Comment définissez-vous l’intelligence artificielle symbolique ?
L’IA symbolique correspond à ce que j’appelle l’intelligence à base de connaissances. Les modèles s’écrivent sous forme symbolique, une équation, par exemple, ou sous forme logique, avec des quantificateurs, des relations… Elle a produit les systèmes experts, des ensembles de règles résolvant des problèmes grâce à des mécanismes de raisonnement. Les ontologies et les graphes de connaissances sont aussi des moyens de modéliser la connaissance. On n’aurait pas Google ou Wikipédia sans cela. Ce type d’IA est bien adapté, notamment, à la résolution de problèmes combinatoires et à l’aide à la décision sous contrainte.
Et l’IA statistique ?
Elle repose sur l’apprentissage. L’idée est d’utiliser des données ou des informations pour en extraire un concept, une prédiction. C’est un peu l’ancien métier des statisticiens et des datascientists, mais avec de nouveaux outils, tels les réseaux de neurones. Ce type d’IA, porté par la communauté connexionniste, est à la mode. Il est performant dans la perception, la reconnaissance d’objets, la prédiction…
Pourquoi vouloir les réunir au sein d’une IA dite hybride ?
Ce sont des deux paradigmes qui se sont longtemps opposés. Mais la vie étant plus compliquée, les deux sont essentiels quand un problème est complexe. Si je fais le parallèle avec le langage naturel, j’ai besoin d’exemples, de vocabulaire, donc de taxonomie pour pouvoir m’exprimer. Mais aussi de règles de construction de phrases, donc de grammaire. L’IA symbolique, c’est plutôt la grammaire, et l’IA statistique, les exemples.
Comment peut-on réaliser cette hybridation ?
Par analogie avec le langage naturel, l’IA symbolique, c’est plutôt la grammaire, et l’IA statistique les exemples, le vocabulaire.

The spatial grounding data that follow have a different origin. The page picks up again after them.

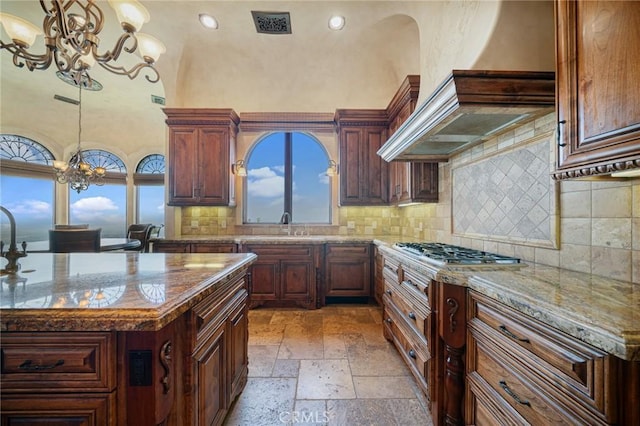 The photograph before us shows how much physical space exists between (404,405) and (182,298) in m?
1.61

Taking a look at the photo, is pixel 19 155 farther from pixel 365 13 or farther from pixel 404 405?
pixel 404 405

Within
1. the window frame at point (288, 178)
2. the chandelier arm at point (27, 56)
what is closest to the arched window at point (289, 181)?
the window frame at point (288, 178)

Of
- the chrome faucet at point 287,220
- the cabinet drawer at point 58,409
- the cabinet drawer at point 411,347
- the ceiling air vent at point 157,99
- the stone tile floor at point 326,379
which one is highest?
the ceiling air vent at point 157,99

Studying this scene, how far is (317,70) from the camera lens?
12.7 feet

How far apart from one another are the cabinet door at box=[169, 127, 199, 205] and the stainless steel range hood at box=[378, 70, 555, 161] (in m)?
3.04

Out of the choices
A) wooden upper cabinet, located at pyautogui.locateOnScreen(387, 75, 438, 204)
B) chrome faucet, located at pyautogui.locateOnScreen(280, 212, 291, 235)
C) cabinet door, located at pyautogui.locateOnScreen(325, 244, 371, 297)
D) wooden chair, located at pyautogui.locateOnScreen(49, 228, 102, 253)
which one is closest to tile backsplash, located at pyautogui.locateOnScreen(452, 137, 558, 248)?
wooden upper cabinet, located at pyautogui.locateOnScreen(387, 75, 438, 204)

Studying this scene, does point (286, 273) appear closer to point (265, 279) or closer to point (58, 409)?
point (265, 279)

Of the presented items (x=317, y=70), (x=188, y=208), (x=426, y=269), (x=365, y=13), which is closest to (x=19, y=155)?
(x=188, y=208)

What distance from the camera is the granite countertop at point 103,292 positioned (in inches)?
30.6

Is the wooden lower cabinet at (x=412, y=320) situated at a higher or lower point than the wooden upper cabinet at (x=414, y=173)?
lower

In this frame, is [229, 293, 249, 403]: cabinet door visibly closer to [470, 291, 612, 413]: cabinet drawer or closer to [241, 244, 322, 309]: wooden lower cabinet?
[470, 291, 612, 413]: cabinet drawer

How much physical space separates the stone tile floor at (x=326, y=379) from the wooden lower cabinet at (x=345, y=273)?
51cm

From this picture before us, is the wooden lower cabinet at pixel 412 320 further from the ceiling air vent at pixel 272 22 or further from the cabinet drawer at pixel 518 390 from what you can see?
the ceiling air vent at pixel 272 22

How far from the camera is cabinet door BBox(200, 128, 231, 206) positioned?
3.68 meters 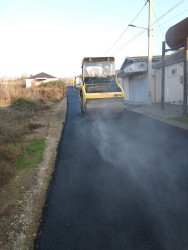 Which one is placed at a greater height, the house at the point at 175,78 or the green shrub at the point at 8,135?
the house at the point at 175,78

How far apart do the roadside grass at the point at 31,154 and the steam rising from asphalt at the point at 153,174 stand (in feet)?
5.89

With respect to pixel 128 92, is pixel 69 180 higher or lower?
lower

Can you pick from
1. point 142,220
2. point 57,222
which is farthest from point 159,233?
point 57,222

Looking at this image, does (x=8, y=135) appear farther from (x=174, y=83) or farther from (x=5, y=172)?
(x=174, y=83)

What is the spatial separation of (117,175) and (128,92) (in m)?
23.2

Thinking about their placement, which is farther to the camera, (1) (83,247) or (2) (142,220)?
(2) (142,220)

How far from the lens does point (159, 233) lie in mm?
2707

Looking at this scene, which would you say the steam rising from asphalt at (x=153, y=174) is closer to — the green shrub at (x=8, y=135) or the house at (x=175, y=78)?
the green shrub at (x=8, y=135)

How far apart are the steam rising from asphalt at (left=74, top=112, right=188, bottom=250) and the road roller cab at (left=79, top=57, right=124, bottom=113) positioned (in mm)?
2868

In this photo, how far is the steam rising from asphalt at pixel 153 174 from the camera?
111 inches

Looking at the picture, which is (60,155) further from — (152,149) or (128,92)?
(128,92)

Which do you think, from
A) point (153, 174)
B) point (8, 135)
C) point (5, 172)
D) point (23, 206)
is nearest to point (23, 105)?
point (8, 135)

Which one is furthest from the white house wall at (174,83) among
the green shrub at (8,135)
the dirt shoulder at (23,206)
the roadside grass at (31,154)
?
the dirt shoulder at (23,206)

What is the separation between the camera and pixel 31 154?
627 centimetres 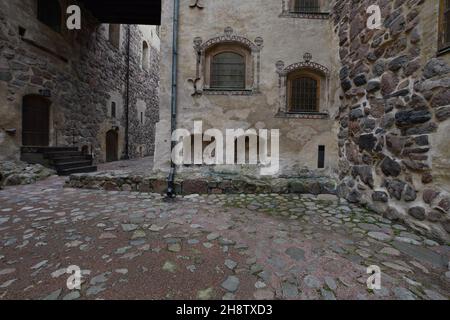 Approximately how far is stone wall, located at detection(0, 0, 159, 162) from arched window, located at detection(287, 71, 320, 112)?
7.94 meters

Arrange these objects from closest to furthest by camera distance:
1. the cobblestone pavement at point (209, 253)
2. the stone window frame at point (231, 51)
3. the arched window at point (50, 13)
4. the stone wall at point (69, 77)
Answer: the cobblestone pavement at point (209, 253) < the stone window frame at point (231, 51) < the stone wall at point (69, 77) < the arched window at point (50, 13)

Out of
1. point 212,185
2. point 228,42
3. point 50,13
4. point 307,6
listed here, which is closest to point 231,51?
point 228,42

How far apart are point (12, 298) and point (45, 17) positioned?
919 cm

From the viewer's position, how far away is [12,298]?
5.34 ft

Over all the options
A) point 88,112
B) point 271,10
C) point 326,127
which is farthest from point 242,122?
point 88,112

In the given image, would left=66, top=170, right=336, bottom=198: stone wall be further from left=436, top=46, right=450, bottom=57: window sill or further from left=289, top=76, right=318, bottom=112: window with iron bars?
left=436, top=46, right=450, bottom=57: window sill

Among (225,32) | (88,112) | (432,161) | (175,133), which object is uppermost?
(225,32)

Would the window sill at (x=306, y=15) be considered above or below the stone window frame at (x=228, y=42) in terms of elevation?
above

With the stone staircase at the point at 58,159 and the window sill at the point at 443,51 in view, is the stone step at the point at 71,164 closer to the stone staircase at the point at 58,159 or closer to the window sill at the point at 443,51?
the stone staircase at the point at 58,159

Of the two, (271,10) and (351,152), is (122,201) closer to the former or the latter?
(351,152)

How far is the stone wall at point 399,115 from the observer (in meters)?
2.69

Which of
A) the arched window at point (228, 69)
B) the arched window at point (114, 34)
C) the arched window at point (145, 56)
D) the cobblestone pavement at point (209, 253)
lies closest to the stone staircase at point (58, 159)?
the cobblestone pavement at point (209, 253)

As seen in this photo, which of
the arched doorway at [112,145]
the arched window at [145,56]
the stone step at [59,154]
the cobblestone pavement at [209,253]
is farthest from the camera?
the arched window at [145,56]

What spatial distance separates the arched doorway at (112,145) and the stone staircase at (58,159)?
2976mm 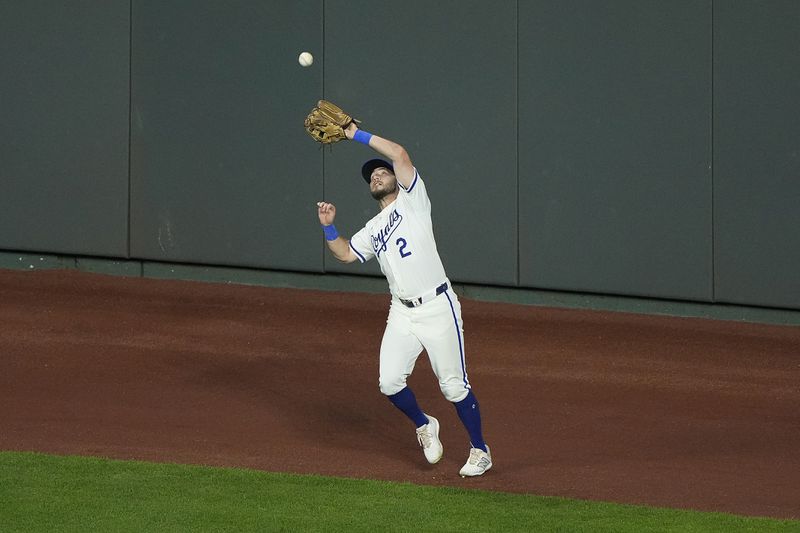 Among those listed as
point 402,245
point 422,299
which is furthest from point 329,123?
point 422,299

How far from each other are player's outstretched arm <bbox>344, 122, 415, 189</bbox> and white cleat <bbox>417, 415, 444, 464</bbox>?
1453mm

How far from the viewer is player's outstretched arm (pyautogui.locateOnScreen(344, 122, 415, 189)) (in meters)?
7.73

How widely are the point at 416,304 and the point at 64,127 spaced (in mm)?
7880

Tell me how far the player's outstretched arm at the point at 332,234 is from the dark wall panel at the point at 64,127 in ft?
22.2

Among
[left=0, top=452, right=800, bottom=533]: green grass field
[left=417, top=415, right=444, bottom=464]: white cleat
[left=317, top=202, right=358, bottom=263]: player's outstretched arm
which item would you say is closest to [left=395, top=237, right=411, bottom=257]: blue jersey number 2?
[left=317, top=202, right=358, bottom=263]: player's outstretched arm

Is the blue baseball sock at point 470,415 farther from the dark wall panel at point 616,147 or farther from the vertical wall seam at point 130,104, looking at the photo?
the vertical wall seam at point 130,104

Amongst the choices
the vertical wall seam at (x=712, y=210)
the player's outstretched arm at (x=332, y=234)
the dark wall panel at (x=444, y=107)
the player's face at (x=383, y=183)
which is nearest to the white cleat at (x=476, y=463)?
the player's outstretched arm at (x=332, y=234)

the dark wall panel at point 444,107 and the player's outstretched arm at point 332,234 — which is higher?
the dark wall panel at point 444,107

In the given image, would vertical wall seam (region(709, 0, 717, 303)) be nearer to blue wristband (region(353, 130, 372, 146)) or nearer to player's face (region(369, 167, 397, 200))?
player's face (region(369, 167, 397, 200))

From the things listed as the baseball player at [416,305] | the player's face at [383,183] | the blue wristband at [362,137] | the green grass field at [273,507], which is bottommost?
the green grass field at [273,507]

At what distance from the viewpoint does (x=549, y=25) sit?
13.0m

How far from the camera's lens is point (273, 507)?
7.34 meters

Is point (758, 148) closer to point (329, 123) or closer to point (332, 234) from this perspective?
point (332, 234)

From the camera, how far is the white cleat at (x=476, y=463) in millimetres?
8023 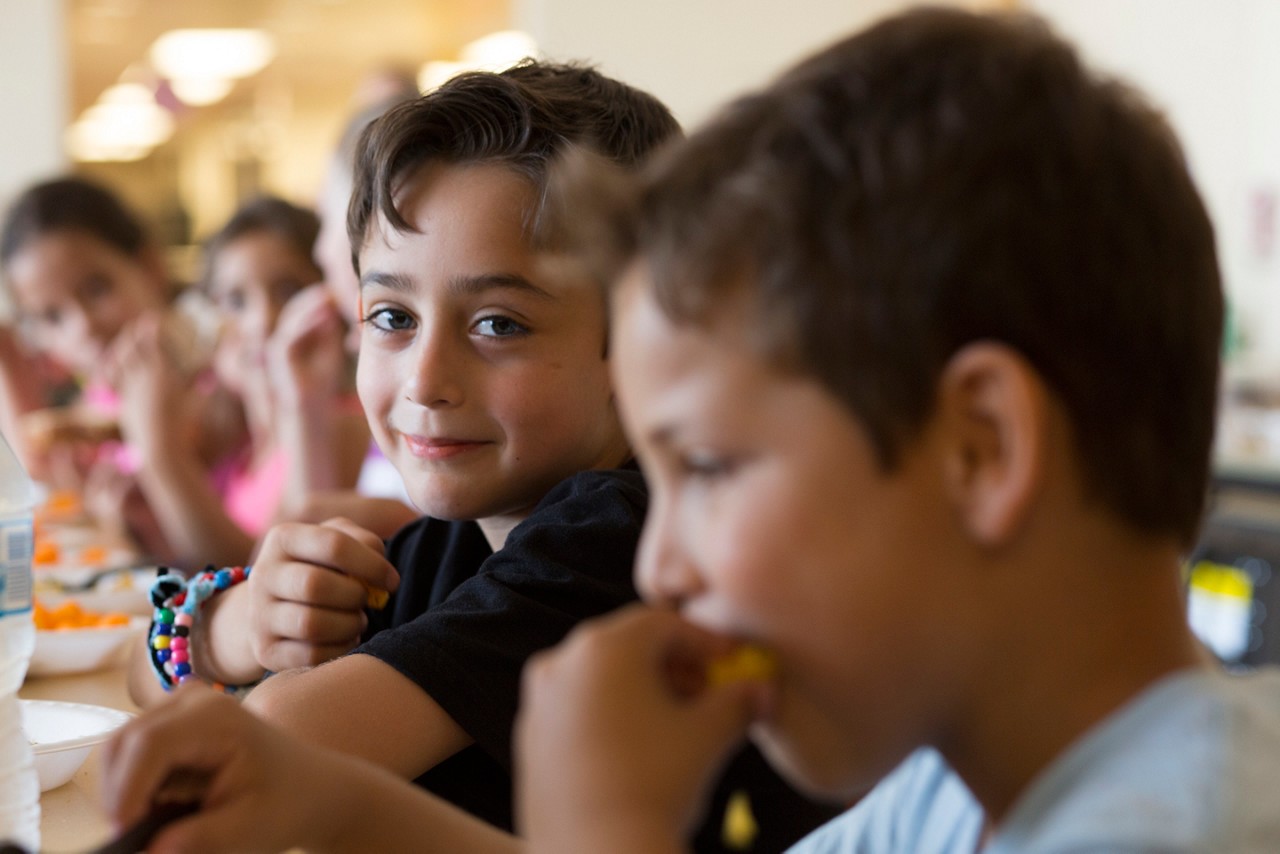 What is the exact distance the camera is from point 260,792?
0.56m

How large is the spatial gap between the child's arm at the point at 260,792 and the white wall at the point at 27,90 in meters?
4.14

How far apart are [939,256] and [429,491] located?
515 mm

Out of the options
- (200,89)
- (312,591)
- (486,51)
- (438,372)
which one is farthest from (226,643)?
(200,89)

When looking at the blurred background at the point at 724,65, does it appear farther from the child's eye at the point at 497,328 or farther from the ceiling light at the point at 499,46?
the child's eye at the point at 497,328

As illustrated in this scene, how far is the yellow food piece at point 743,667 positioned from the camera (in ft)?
1.56

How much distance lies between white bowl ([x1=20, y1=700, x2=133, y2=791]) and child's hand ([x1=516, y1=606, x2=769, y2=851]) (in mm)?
425

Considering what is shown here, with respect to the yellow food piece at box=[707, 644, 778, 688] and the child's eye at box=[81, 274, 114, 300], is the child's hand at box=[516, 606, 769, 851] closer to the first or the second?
the yellow food piece at box=[707, 644, 778, 688]

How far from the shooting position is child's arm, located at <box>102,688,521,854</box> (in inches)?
20.5

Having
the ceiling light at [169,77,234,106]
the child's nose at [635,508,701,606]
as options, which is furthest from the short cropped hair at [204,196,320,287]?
the ceiling light at [169,77,234,106]

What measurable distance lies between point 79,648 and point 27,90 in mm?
3730

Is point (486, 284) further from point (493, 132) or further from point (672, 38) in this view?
point (672, 38)

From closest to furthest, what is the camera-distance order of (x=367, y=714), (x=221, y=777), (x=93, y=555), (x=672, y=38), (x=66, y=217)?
(x=221, y=777)
(x=367, y=714)
(x=93, y=555)
(x=66, y=217)
(x=672, y=38)

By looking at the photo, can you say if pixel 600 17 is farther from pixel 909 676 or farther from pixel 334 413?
pixel 909 676

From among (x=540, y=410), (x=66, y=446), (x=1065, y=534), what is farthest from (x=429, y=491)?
(x=66, y=446) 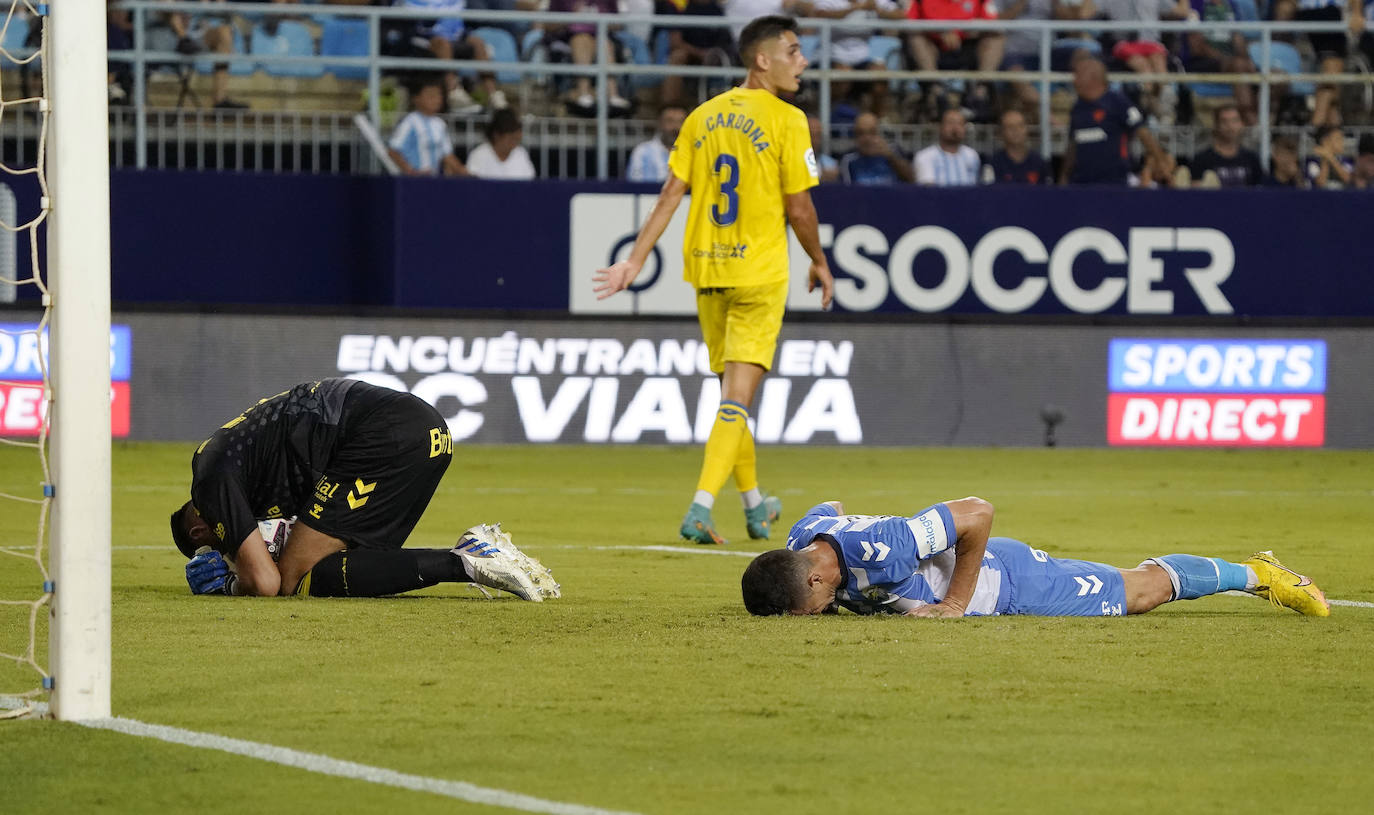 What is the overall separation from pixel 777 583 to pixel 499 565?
1170 mm

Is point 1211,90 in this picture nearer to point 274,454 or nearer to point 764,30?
point 764,30

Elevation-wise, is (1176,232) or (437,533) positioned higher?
(1176,232)

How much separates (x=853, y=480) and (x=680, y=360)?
2.76m

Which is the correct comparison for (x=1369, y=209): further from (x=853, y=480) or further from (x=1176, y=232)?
(x=853, y=480)

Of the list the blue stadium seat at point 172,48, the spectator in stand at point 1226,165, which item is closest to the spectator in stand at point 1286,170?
the spectator in stand at point 1226,165

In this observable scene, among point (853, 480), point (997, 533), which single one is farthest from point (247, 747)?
point (853, 480)

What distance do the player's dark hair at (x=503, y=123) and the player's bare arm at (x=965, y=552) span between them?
32.9 feet

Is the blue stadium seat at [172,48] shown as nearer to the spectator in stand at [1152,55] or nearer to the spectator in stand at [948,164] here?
the spectator in stand at [948,164]

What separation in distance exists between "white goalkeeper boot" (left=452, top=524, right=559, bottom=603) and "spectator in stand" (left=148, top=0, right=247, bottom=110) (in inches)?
386

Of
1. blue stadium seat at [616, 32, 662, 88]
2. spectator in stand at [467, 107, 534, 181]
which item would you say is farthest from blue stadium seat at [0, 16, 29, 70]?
blue stadium seat at [616, 32, 662, 88]

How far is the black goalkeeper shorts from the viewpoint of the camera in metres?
6.96

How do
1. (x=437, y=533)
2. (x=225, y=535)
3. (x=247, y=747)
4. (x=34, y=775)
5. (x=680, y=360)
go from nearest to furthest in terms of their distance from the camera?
(x=34, y=775) < (x=247, y=747) < (x=225, y=535) < (x=437, y=533) < (x=680, y=360)

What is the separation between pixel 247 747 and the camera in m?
4.35

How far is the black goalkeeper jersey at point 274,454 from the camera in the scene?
6633 mm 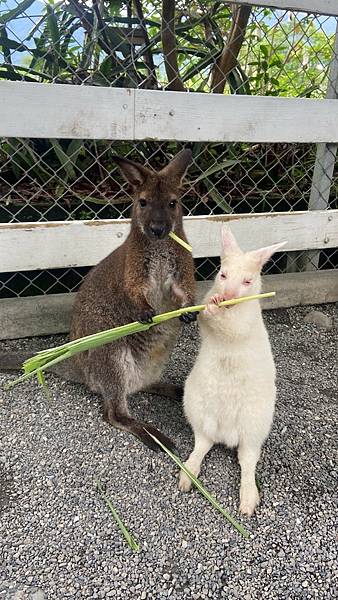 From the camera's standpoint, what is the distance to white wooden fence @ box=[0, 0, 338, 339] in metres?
3.07

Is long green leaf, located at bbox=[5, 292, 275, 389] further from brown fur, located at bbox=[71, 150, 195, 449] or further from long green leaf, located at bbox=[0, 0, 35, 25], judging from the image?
long green leaf, located at bbox=[0, 0, 35, 25]

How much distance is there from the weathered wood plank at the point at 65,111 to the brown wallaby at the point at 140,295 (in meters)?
0.59

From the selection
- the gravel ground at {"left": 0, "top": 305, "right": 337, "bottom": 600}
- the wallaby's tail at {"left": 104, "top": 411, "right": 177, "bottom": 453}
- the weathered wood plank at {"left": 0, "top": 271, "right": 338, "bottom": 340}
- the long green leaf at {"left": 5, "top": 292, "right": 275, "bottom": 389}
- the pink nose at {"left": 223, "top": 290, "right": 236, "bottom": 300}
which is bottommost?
the gravel ground at {"left": 0, "top": 305, "right": 337, "bottom": 600}

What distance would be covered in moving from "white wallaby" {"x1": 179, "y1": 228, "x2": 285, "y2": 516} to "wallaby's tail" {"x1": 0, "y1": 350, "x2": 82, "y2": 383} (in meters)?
0.85

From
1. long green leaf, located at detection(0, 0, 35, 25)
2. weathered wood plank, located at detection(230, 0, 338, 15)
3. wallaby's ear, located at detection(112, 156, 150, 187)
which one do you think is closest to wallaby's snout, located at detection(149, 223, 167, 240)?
wallaby's ear, located at detection(112, 156, 150, 187)

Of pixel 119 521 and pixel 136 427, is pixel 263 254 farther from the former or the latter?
pixel 119 521

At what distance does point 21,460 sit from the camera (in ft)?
8.47

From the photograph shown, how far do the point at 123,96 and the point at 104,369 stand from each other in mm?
1484

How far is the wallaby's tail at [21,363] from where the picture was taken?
10.1 feet

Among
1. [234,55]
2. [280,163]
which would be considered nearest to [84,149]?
[234,55]

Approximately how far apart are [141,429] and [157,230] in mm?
939

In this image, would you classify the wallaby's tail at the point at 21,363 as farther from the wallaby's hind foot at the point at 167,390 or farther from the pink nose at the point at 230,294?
the pink nose at the point at 230,294

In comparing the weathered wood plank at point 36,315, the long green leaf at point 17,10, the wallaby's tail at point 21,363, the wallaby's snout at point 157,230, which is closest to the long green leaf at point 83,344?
the wallaby's snout at point 157,230

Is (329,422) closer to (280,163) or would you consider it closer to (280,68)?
(280,163) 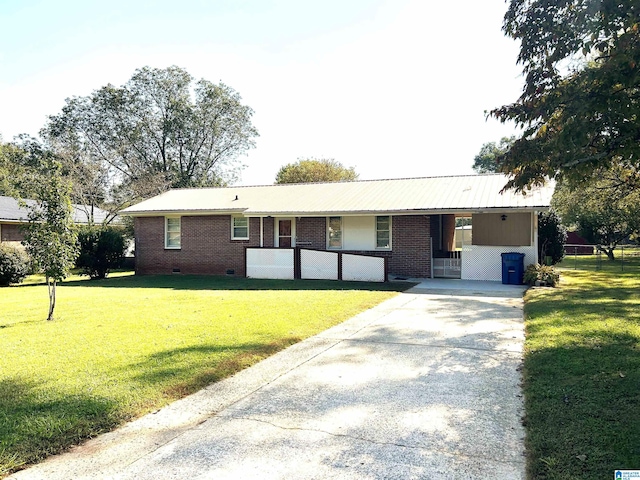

L’hybridation s’opère au sens quasi biologique du terme. La connaissance peut être imbriquée dans les fonctions de coût de l’algorithme d’apprentissage. C’est le cas des réseaux de neurones physiquement informés, ou PINN [physics-informed neural networks, ndlr]. La connaissance prend ici la forme de lois physiques, en l’occurrence les équations de Maxwell, de Navier-Stokes…, et limite l’espace des solutions admissibles. Chez Thales, on étudie les GINN [geometry-informed neural networks, ndlr] pour améliorer la résistance d’un système de reconnaissance d’images aux vibrations, ce qui induit des translations, des rotations… La morphologie mathématique est une autre technique d’hybridation, développée par l’École des mines, qui sert à analyser une image à partir d’une connaissance a priori, un élément structurant, qui guide l’apprentissage. Après combinaison avec des réseaux de neurones convolutionnels, des réseaux morphologiques profonds autorisent l’apprentissage de structures dans une image, la modélisation des relations spatiales d’un objet… La logique floue ou les algorithmes génétiques [ou évolutionnistes, ndlr] permettent de leur côté d’apprendre de données bruitées, incomplètes ou incertaines. Ces deux techniques ont été employées par Psibernetix, acquis par Thales en 2019, pour élaborer son IA qui a vaincu des pilotes de chasse en simulation. Cette start-up a réussi à capturer des connaissances métiers, à savoir les manœuvres de combat aérien, et à établir un modèle de raisonnement malgré des informations incomplètes.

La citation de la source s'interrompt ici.